Как по мановению волшебной палочки, на прилавках магазинов и киосков появились майки, куртки и кепки с цветными репродукциями Каца, большие и маленькие постеры, блокноты и записные книжки, брелки, зажигалки и прочая дребедень, из которой, по существу, и складывается окружающая нас мозаичная картина жизни. С рекламных щитов на прохожих глядел автопортрет художника – иронично и чуть насмешливо. Некоторые знатоки культуры находили в нем сходство со знаменитой фотографией Брехта. Ползли слухи, что в ноябре Кац будет непременно выставлен на лондонском аукционе и произведет там фурор. Предприимчивые люди открывали тотализаторы: каждый желающий мог попытаться отгадать, на какой сумме опустится молоток аукциониста. Плодотворная идея тотализатора, по сообщению берлинской русскоязычной газеты, пришла в голову некоему бывшему спортсмену, а ныне владельцу сувенирного магазинчика, русскому эмигранту с еврейской душой. Блестящая мысль посетила коммерсанта, когда он лежал в коме в результате попытки самоубийства, предпринятого на почве какой-то неудачной коммерческой операции. Мысль, внушенная свыше, настигла несчастного в тоннеле, ведущем в иной мир, и живо подняла на ноги; перед вернувшимся к жизни возникли хорошие деловые перспективы.
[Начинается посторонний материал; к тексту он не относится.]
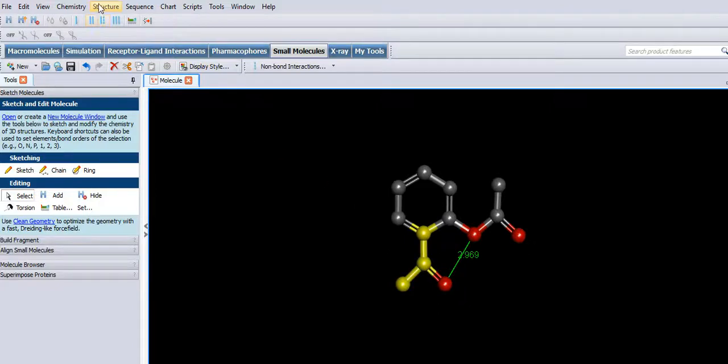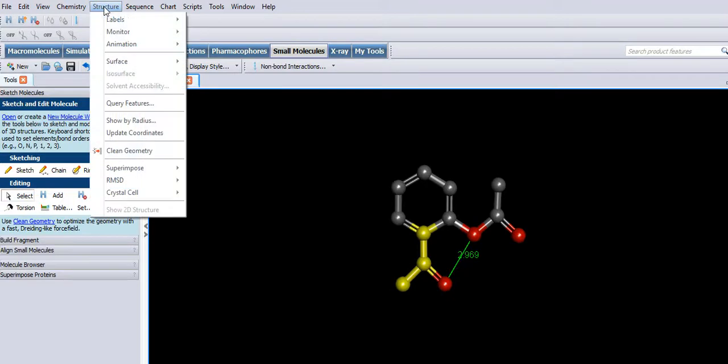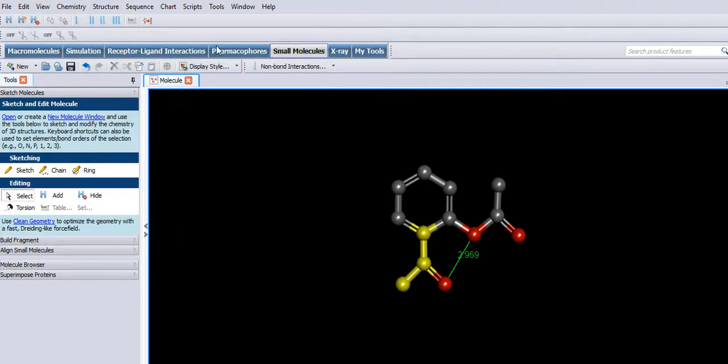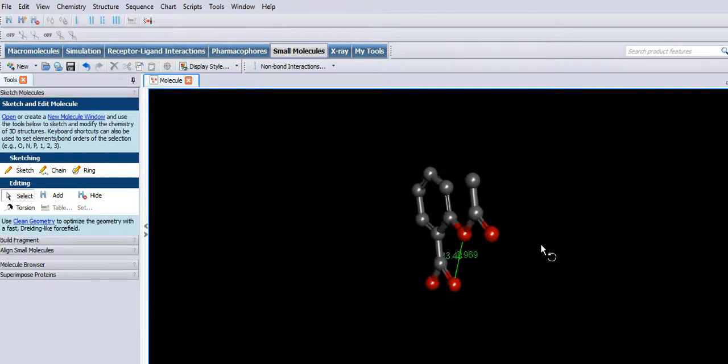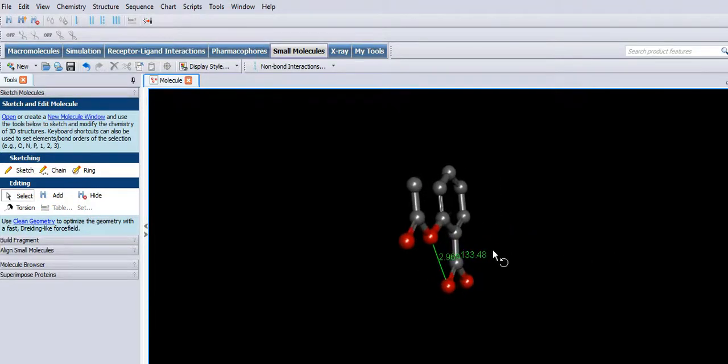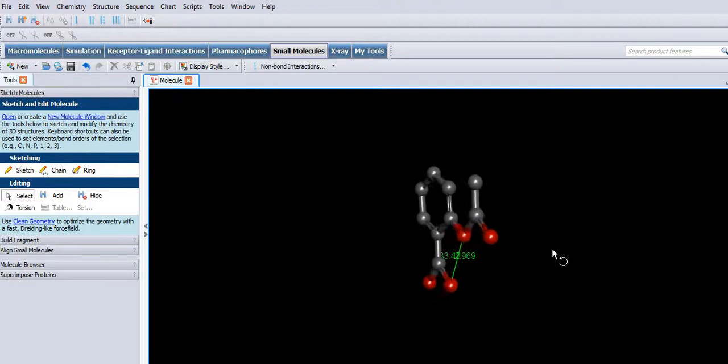And to highlight an angle, that's also very easy, holding down... Is that 3.969 angstrom? Okay, and that's nicely obscured. 133.48 degrees.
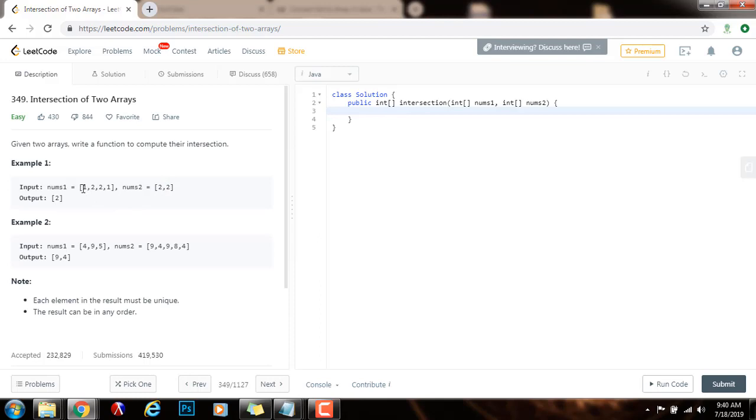So the space complexity is also big O of m plus n. The time complexity is big O of m plus n. Without further ado, I'm going to show you how to write the code.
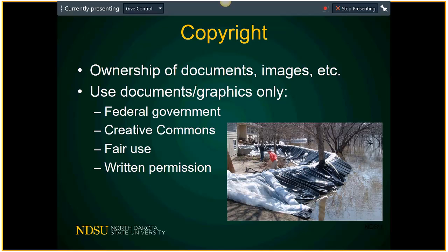Any other thoughts about composition? Our goal is not to teach you about apertures and f-stops and the rule of thirds. Our goal today is to help you take photos that tell the NDSU agriculture and extension story. Any other thoughts or questions about that before we move on?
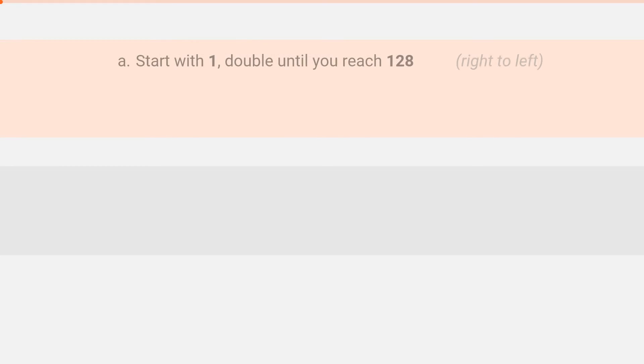The first step is to start with 1 and keep doubling until you hit 128. This must be done from right to left.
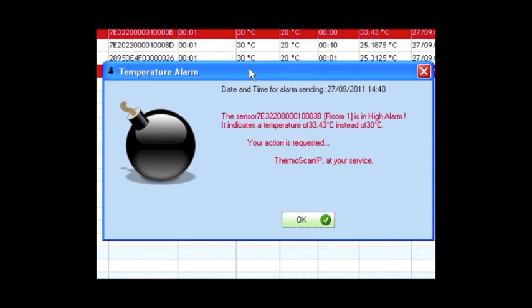In case of an alarm, you get such a pop-up. It gives the name of the sensor, the temperature threshold, and the recorded temperature.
Знакомство Стефа с Мирославом хоть и не переросло в неразрывную дружбу, но и к ссоре не привело. Объединяться для дальнейших поисков они не собирались, каждый ревниво хранил за подкладкой кошелька свои секреты: где искать великого родственника, в каких дебрях, сияя своими изумрудными глазами, он укрывается. Они оба с нарастающим напряжением ждали аукциона, как будто не Кац там будет выставлен на публичные лондонские торги, а их собственная оборотистость и смекалка: “Кто больше – раз? Кто больше – два? Кто больше – три!”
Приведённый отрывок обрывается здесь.